Ezra Meeker was a hardy soul. He made the Oregon Trail journey in 1852 and eventually settled in what is today the city of Puyallup, Washington. He was its founder, and his statue can be found in Pioneer Park on the site of his original cabin. However, it is not that journey that makes Meeker such a remarkable individual. It is that he went back and did it again, 54 years later in 1906. By then, he was 76 years old. Of course, he could have taken a train then but that would have been too easy. He provided an account of his travels and his life in Oregon/Washington in his book Ventures and Adventures or Sixty Years of Frontier Life. Fifty-six years of Pioneer Life in the Old Oregon Country; An account of the Author's Trip across the Plains with an Ox Team in 1852 and His return in 1906, published in 1909. Amazingly, even that wasn't all for Meeker. The year after his book was published he made the journey again at age 80. In the following years, he would make the trip several more times, though this time by train, automobile, and finally, airplane. Ezra Meeker lived to be 98. This copy is inscribed by the author. Item 34. $90.

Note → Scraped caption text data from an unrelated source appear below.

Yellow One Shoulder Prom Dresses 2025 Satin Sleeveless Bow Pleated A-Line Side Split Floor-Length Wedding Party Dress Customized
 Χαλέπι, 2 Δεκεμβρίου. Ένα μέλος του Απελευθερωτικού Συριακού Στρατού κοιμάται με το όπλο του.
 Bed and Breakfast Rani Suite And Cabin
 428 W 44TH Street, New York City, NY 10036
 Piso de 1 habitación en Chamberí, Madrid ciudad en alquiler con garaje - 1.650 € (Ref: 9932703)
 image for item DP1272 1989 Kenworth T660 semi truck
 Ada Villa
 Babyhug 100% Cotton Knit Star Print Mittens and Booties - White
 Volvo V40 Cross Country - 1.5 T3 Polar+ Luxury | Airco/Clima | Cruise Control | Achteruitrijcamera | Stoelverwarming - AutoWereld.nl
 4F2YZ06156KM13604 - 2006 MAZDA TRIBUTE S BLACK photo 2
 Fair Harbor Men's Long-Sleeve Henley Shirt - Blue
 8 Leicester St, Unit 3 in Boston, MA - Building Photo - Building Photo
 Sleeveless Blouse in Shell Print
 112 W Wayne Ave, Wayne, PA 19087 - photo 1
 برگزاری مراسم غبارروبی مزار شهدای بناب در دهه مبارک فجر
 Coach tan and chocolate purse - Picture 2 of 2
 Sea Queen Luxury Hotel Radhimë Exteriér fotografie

Next is a portrayal of the developing West from the point of view of a white man with little regard for the natives they displaced from their land. The title is Transition of the West. Portrayal of the Indian Problem in the West and the Trails of the Pioneers Who Reclaimed this Country from Savagery to Civilization. It took a lot of “civilized” killing to reclaim the land for civilization. It covers subjects like Custer and the Little Big Horn, Fetterman Massacre and Whitman Massacre. This copy is inscribed by the author, Alfred James Mokler, “To my friend of 35 years George B. McClellan.” That would not be the well-known Civil War General and opponent to Lincoln in the 1864 presidential election but almost certainly his son, George McClellan, Jr. McClellan, Jr., was a Democrat who was elected a congressman and Mayor of New York. He then tried to repeat his father's success in securing the Democratic presidential nomination in 1904 but did not fare nearly so well. He received 3 votes in the convention to finish tied for ninth. Considering the nominee was the hardly spectacular candidate, Judge Alton Parker, and the nomination was effectively to serve as cannon fodder for Theodore Roosevelt, it was not a great performance. He did not run for office again. Item 38. $450.